Perception & Mind Lab Presentations @ VSS 2026



Friday, May 15

 
Gender bias in visual categorization: When DiCaprio is an actor but Jolie is a woman
Rui Zhe Goh, Jiayi Li, Ian Phillips, Chaz Firestone
[email protected]

Objects can be categorized at differing levels of abstraction; for example, the same image may be classified as a blue jay, a bird, an animal, or a living thing. This pattern also arises for people; for example, the same image may be classified as Gordon Ramsay, a chef, a Scot, or a person. But which categories are most visually salient—and is such salience biased by gender? We investigated this question using a visual categorization task. Subjects saw images of objects and people, and were asked simply to name any category corresponding to the image. In addition to objects such as vegetables and buildings, each subject saw one woman and one man, drawn from one of the following classes: 1) famous people from various professions (e.g., Angelina Jolie and Leonardo DiCaprio, Serena Williams and LeBron James); 2) stock photographs of anonymous people from minimally-gendered categories (e.g., tourist, pedestrian); 3) AI-generated images of these same minimally-gendered categories, created to be identical except for gender. Every image was part of a matched pair of men and women from the same image class, but no subject saw a man and woman from the same matched pair. (For example, a subject could see Angelina Jolie and LeBron James, but never Angelina Jolie and Leonardo DiCaprio.) Remarkably, subjects were more likely to categorize women according to their gender than men. Put differently, they were biased to say “actor” for DiCaprio but “woman” for Jolie, and “pedestrian” for male pedestrians but “woman” for female pedestrians. This trend arose for all three image classes, suggesting that it was not driven by idiosyncratic image differences or knowledge of the people depicted. Our results reveal a gender bias in visual categorization that may have pervasive cognitive and social implications.

Poster 16.335: Friday, May 15, 3:45pm – 6:00pm ET, Banyan Breezeway, Face and Body Perception: Social cognition 1

[VSS Link]

Sunday, May 17

 
Can you count this? Perceiving affordances for mental actions
Lana Milman, Ian Phillips, Chaz Firestone
[email protected]

We can often see how easy a physical action is to execute, such as climbing stairs or grasping an object. Is the same true for mental actions? Can we also see how easy it is to execute a cognitive operation, before actually carrying it out? Whereas the perception of physical affordances has a long history in cognitive science, the hypothesis that we perceive “mental affordances” (McClelland, 2020) has received less empirical attention. Here, four experiments explore this hypothesis for the mental affordance “countability”—how easily an array of objects can be precisely counted.
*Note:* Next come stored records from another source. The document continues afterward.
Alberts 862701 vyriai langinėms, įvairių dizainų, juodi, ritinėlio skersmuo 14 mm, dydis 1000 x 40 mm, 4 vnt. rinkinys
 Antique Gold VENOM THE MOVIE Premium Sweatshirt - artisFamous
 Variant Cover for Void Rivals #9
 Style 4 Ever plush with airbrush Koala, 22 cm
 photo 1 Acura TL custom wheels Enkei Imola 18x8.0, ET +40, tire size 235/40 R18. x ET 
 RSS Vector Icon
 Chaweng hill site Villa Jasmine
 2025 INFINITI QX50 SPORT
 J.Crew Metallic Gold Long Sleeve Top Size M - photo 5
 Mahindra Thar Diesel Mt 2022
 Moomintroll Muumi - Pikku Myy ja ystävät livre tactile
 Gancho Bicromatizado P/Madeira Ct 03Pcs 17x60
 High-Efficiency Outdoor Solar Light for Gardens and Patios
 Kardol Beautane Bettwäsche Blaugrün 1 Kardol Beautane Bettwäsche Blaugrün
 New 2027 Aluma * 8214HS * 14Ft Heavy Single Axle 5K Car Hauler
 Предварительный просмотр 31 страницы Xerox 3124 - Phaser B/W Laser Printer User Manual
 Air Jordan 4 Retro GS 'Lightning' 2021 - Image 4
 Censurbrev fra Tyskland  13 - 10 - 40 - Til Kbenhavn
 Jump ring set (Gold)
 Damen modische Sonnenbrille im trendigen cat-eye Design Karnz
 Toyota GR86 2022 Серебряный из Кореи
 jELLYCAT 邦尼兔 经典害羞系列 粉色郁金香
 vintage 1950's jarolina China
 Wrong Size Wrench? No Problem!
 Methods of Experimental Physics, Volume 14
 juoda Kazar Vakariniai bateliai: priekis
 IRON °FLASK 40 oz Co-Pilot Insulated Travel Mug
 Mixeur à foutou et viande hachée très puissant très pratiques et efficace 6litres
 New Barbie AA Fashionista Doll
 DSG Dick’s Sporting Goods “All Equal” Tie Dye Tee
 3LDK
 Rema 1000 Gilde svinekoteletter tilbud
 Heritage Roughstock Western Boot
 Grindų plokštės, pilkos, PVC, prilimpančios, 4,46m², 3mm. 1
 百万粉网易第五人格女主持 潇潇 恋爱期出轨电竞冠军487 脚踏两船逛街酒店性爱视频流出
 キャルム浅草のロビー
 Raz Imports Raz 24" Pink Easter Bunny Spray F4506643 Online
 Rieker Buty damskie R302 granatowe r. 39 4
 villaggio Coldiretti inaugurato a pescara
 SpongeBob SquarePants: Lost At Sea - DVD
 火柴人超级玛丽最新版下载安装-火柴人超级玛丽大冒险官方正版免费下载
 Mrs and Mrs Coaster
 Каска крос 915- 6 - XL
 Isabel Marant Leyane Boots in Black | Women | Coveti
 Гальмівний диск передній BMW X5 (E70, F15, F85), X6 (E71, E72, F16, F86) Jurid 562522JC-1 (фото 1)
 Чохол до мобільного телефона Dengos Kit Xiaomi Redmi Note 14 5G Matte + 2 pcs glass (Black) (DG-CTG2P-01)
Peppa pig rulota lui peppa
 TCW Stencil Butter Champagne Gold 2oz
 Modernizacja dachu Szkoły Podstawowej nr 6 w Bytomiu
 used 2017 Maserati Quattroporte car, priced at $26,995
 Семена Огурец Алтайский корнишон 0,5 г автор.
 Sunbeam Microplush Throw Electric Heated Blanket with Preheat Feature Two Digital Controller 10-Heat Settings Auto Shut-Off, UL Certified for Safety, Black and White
In Experiments 1-2, subjects briefly (500ms or 2500ms) saw two “cookies” (circles) containing a number of “M&Ms” (dots), varying in size (large/small/mixed), color (single/mixed), opacity (full/partial), and grouping (clustered/dispersed). Subjects selected whichever cookie seemed easier to count (causing it to reappear onscreen), and then counted that cookie’s M&Ms. In Experiments 3-4, subjects counted a single cookie’s M&Ms, without indicating preference. Results showed that even a 500ms preview was sufficient to form strong preferences for countability, with subjects preferring fully opaque to partially opaque M&Ms, clustered M&Ms to dispersed M&Ms, and large M&Ms over mixed and small M&Ms. However, these impressions were only partially accurate. Subjects performed better with opaque M&Ms, and large as opposed to mixed and small M&Ms, in line with their preferences. But performance was better for dispersed M&Ms than clustered M&Ms—contrary to their preference. Moreover, despite expressing no preference for single over mixed-color M&Ms, subjects performed better with single colors. These results suggest that naïve observers can rapidly form impressions of a mental affordance and use it to guide behavior—but that, just like with physical affordances, we may be imperfectly calibrated to our actual capabilities.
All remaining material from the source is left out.